I've just been facing the same problem with both VC++ 2010 and VC++ 2017, and after some tests I've found that the problem resides in the symbol name the compiler gives to structs and classes internally.

Here a minimum example consisting in three files:

main.cpp

#include "bar.h"
struct Foo {};

int main() {
  Foo foo;
  bar(&foo);
  return 0;
}

bar.h

class Foo;
void bar(Foo* f);

bar.cpp

#include "bar.h"

void bar(Foo* foo) {}

When the project is compiled the following errors and warnings appear:

warning C4099: 'Foo': type name first seen using 'class' now seen using 'struct'

see declaration of 'Foo'

error LNK2019: unresolved external symbol "void __cdecl bar(struct Foo *)" (?bar@@YAXPAUFoo@@@Z) referenced in function _main

fatal error LNK1120: 1 unresolved externals

Now, I swapped the struct and class declarations, so main.cpp and bar.h are now:

main.cpp

#include "bar.h"
class Foo {};

int main() {
  Foo foo;
  bar(&foo);
  return 0;
}

bar.h

struct Foo;
void bar(Foo* f);

As expected, the error still pops up:

error LNK2019: unresolved external symbol "void __cdecl bar(class Foo *)" (?bar@@YAXPAVFoo@@@Z) referenced in function _main

BUT, and this is the interesting part, see that the symbols for the expected function (the one used in main()) in each case differ:

  • ?bar@@YAXPAUFoo@@@Z (when the parameter is a struct)

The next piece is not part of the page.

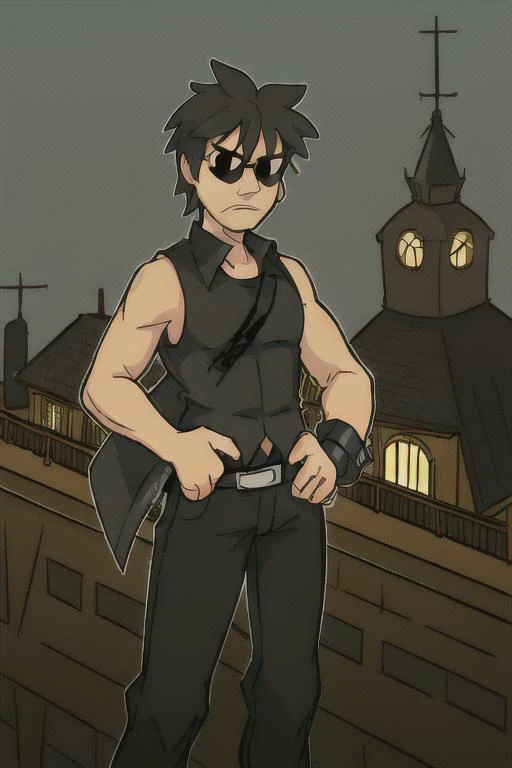 1man, black glasses, long leather coat, leather pants, black sleeveless shirt, holding a pistol in both hands, <lora:90sKeanuReevesLora_v10:1>, Kreeves, on the top of a building with a heliport, clear day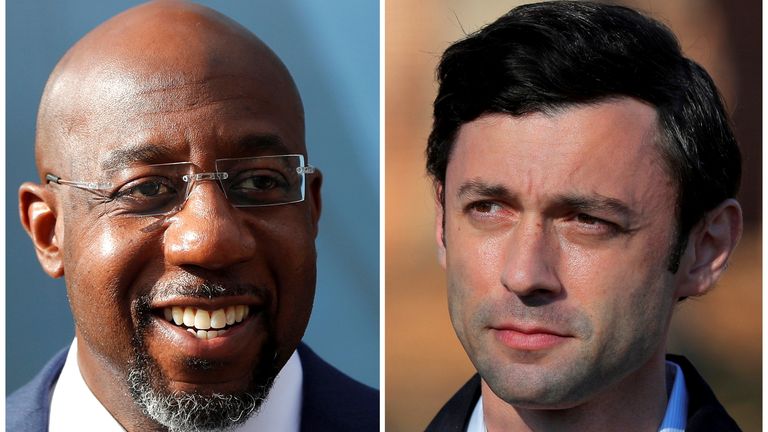 Rev. Raphael Warnock (L) will be joined in the US Senate by Jon Ossof (R)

  • ?bar@@YAXPAVFoo@@@Z (when the parameter is a class)


Conclusion

The compiler gives slightly different names if the type is a struct or a class.

The linker then cannot find the proper definition because it is looking for a different one: bar.cpp defines one with the forward declaration, but for the moment it is called in main.cpp the actual declaration has taken placed, so a different function name is given in the symbols table.